Extracted information >>
Content starts

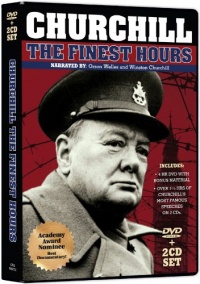 Churchill: The Finest Hours Churchill: The Finest Hours
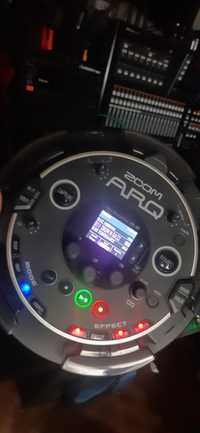 Zoom Arq AR-96 Aero RhythmTrak (sampler/procesor efecte/sintetizator)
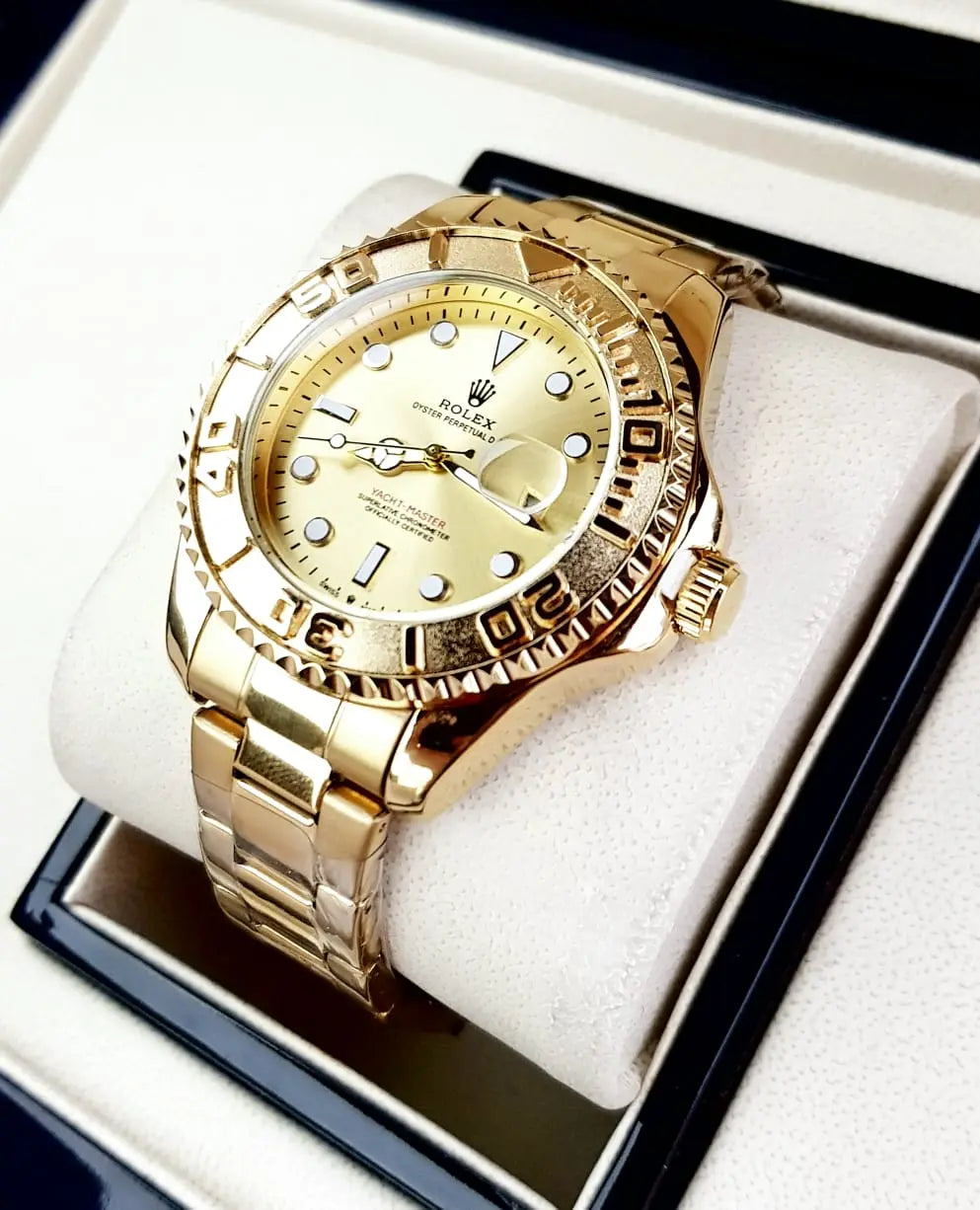 Rolex®-Yatch-Master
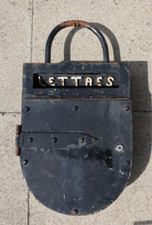 Vintage padlock shaped for sale  WATFORD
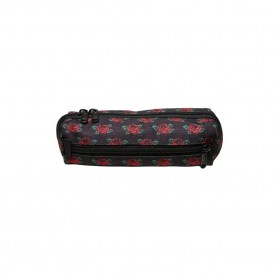 несесер,тоалетни,принадлежности,mister,tee,roses,wash,bag,black,(noir,rouge)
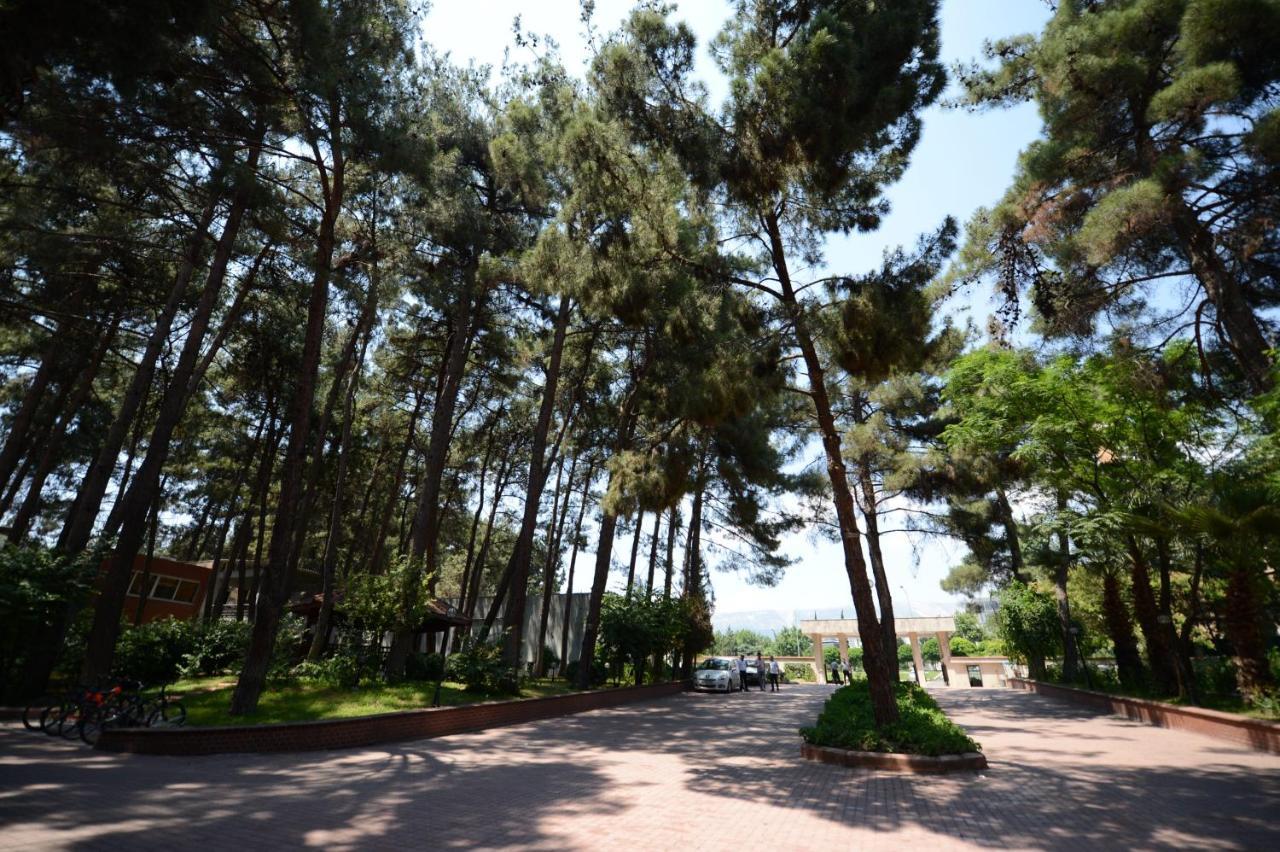 Arsan Otel Kahramanmaraş Ngoại thất bức ảnh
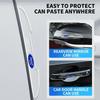 New 2026 Car Sticker Invisible car Door Handle Shake Scratches Protective For Ford Fiesta Ranger Focus Kuga Mustang S-MAX Transi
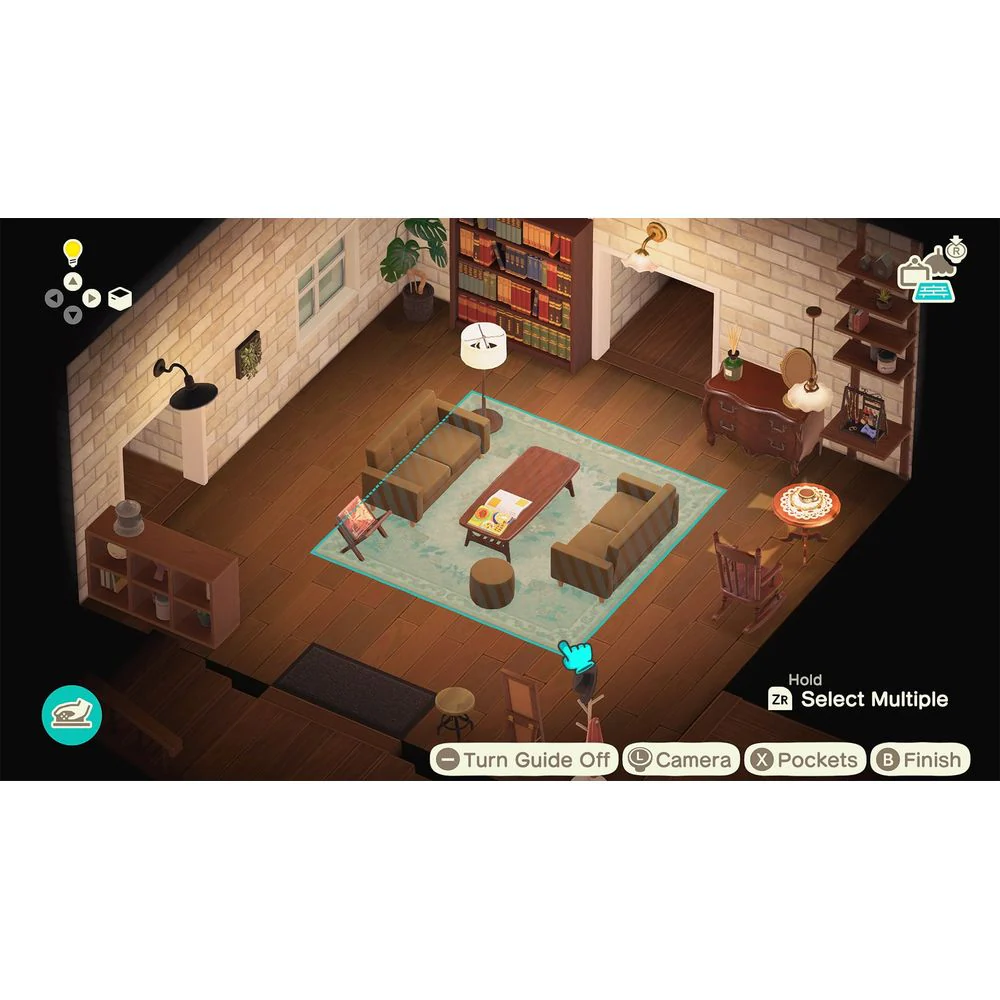 Nintendo Animal Crossing New Horizons Nintendo Switch 2 Edition Simulation Game Enhanced Resolution Multiplayer NXSPACBAD - Image 2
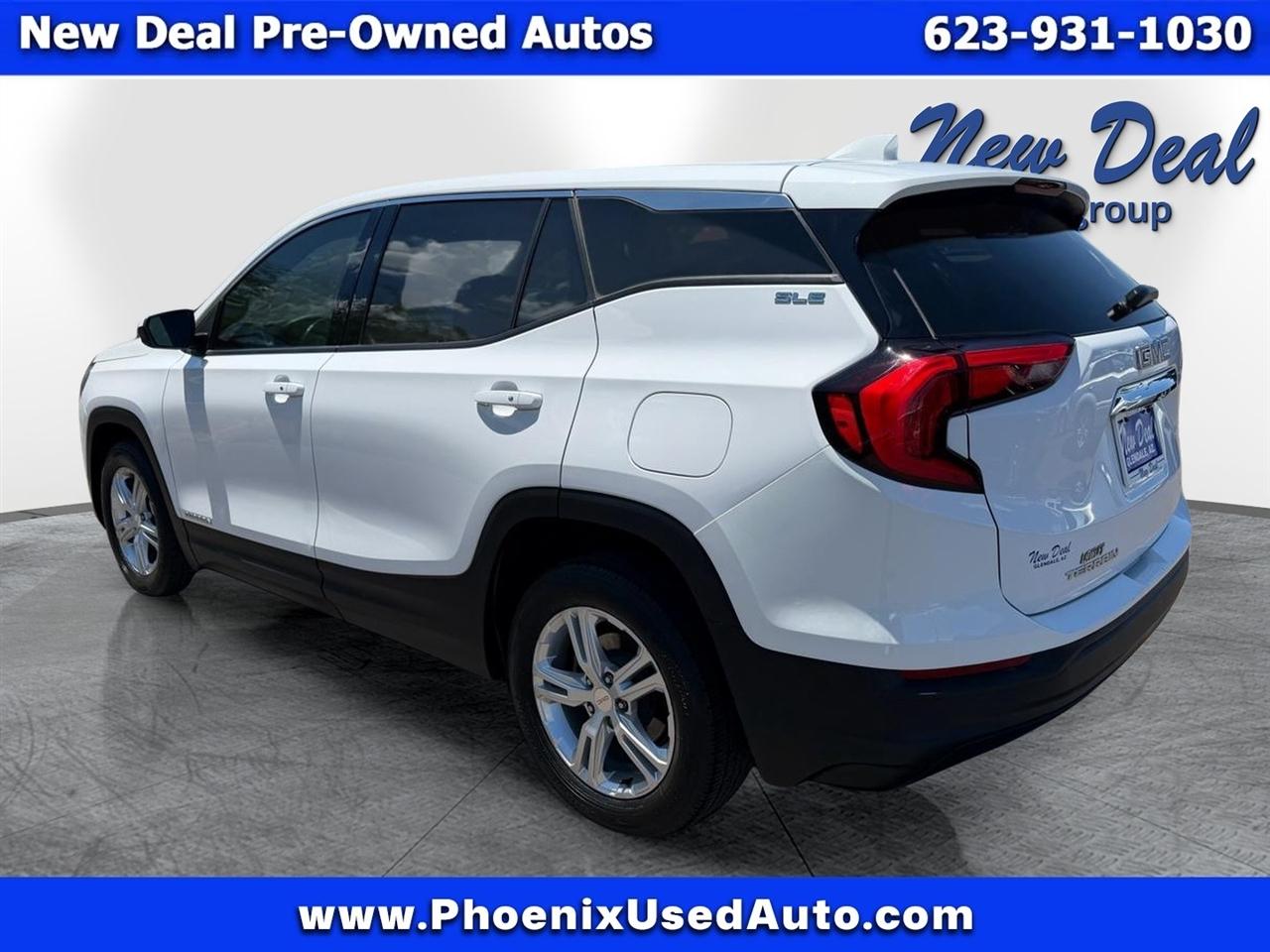 GMC Terrain SLE 2020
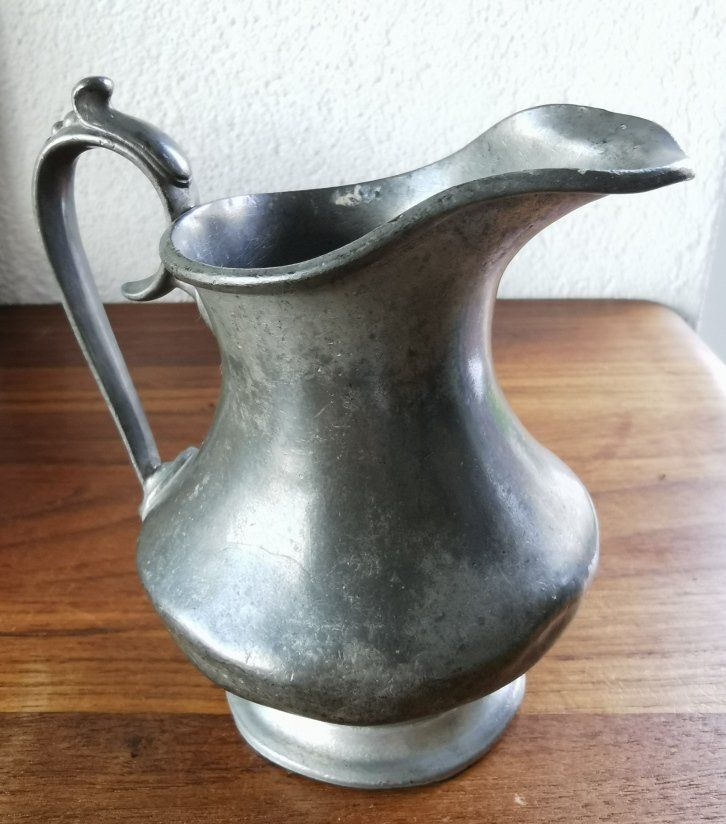 Caraffe: Zinnkanne – Usato da Dänikon ZH venduto da Beldiwuffi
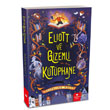 Eliott ve Gizemli Ktphane Pascaline Nolot Redhouse Kidz Yaynlar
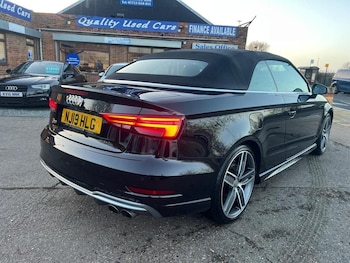 Used Audi S3 2019 for sale - 76945384: Photo
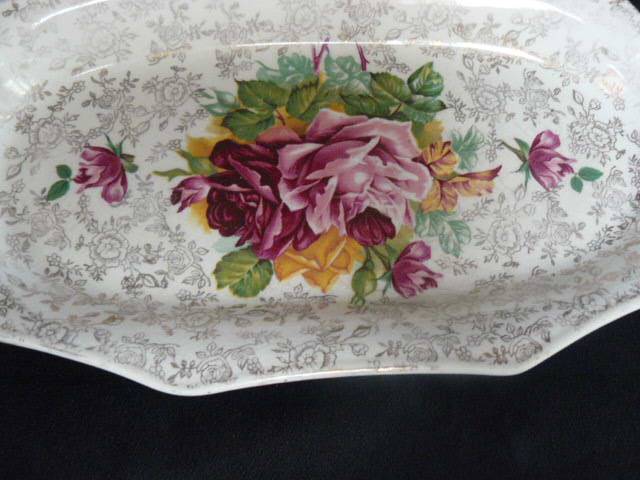 JAMES KENT LTD SNACK DISH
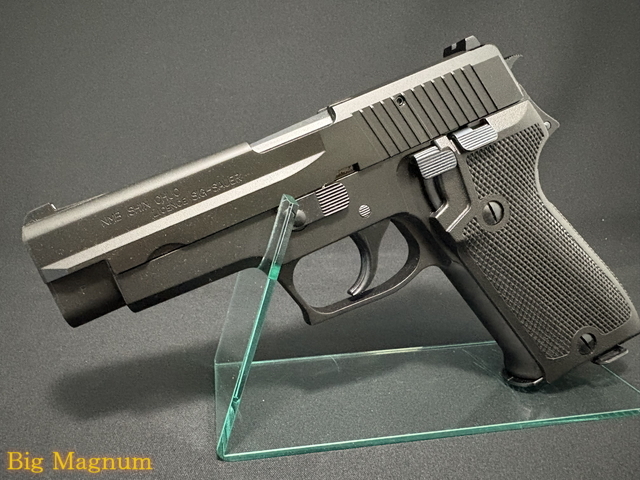 タナカ】P220 陸上自衛隊 EVO2 ALL HW モデルガン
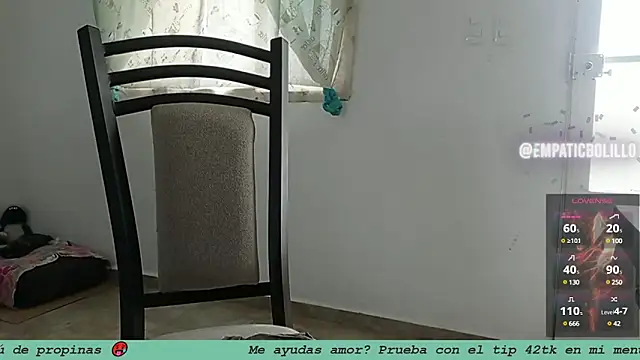 EmpaticBolillo online show from 23, 2, 2025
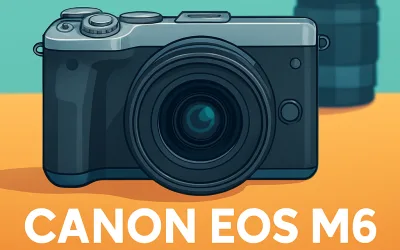 Canon EOS M6 Camera Review &ndash; Is It Still Worth It in 2026?
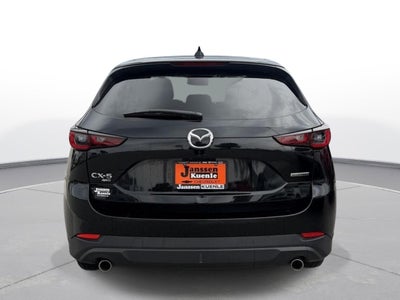2025 Mazda Mazda CX-5 2.5 S Carbon Edition
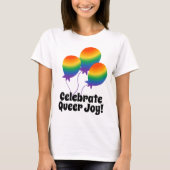 Que Joy T - Shirt (Vorderseite)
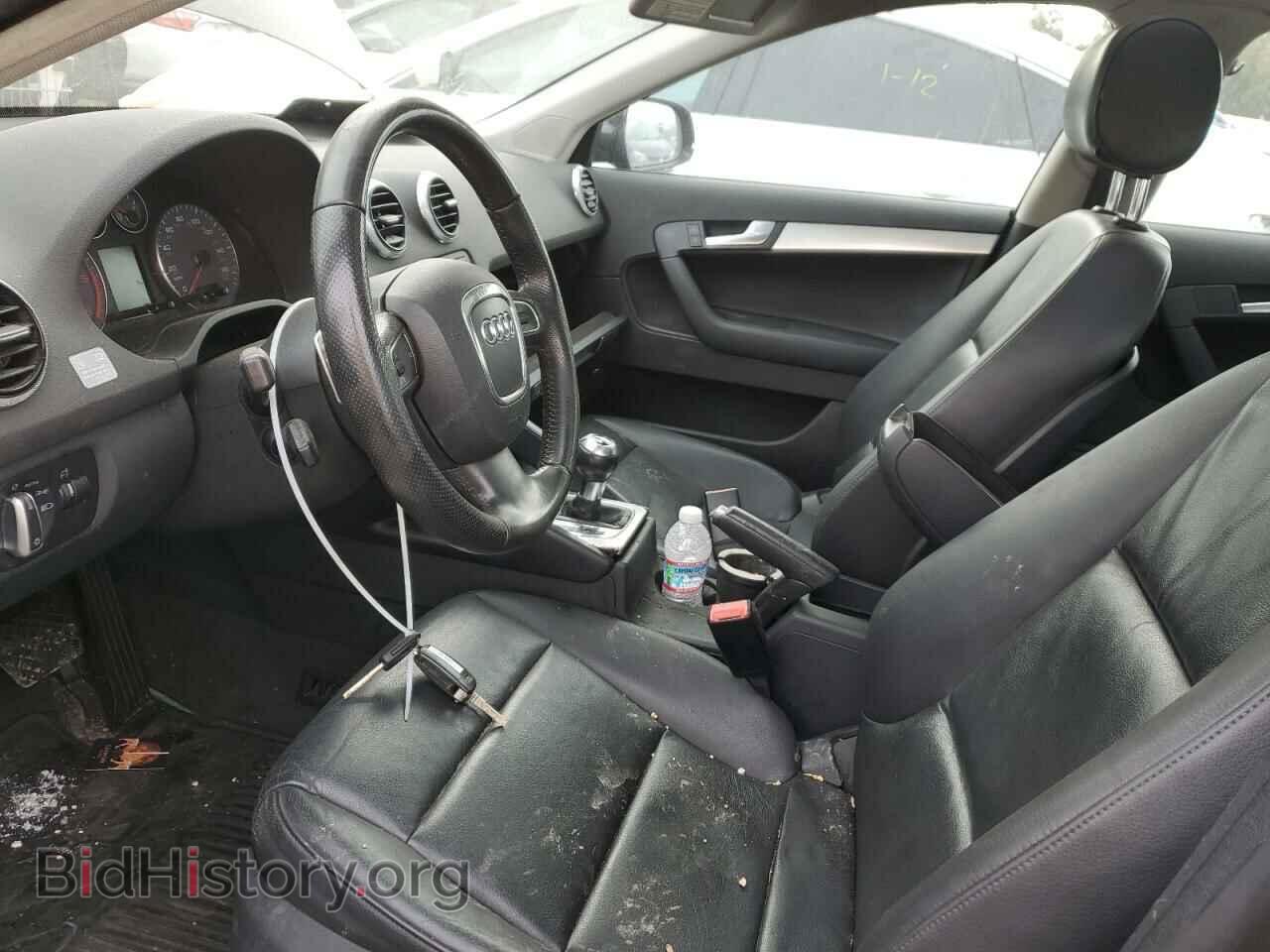 2012 AUDI A3 - VIN: WAUKJAFM2CA030862 - Фото 7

Content ends

Your instructions >> Copy the entries above exactly, but only the stretch from the line containing "Zoom Arq AR-96" through the line containing "Caraffe: Zinnkanne –". Keep both end lines; drop the pictures.

Response below >>
 Zoom Arq AR-96 Aero RhythmTrak (sampler/procesor efecte/sintetizator)
 Rolex®-Yatch-Master
 Vintage padlock shaped for sale  WATFORD
 несесер,тоалетни,принадлежности,mister,tee,roses,wash,bag,black,(noir,rouge)
 Arsan Otel Kahramanmaraş Ngoại thất bức ảnh
 New 2026 Car Sticker Invisible car Door Handle Shake Scratches Protective For Ford Fiesta Ranger Focus Kuga Mustang S-MAX Transi
 Nintendo Animal Crossing New Horizons Nintendo Switch 2 Edition Simulation Game Enhanced Resolution Multiplayer NXSPACBAD - Image 2
 GMC Terrain SLE 2020
 Caraffe: Zinnkanne – Usato da Dänikon ZH venduto da Beldiwuffi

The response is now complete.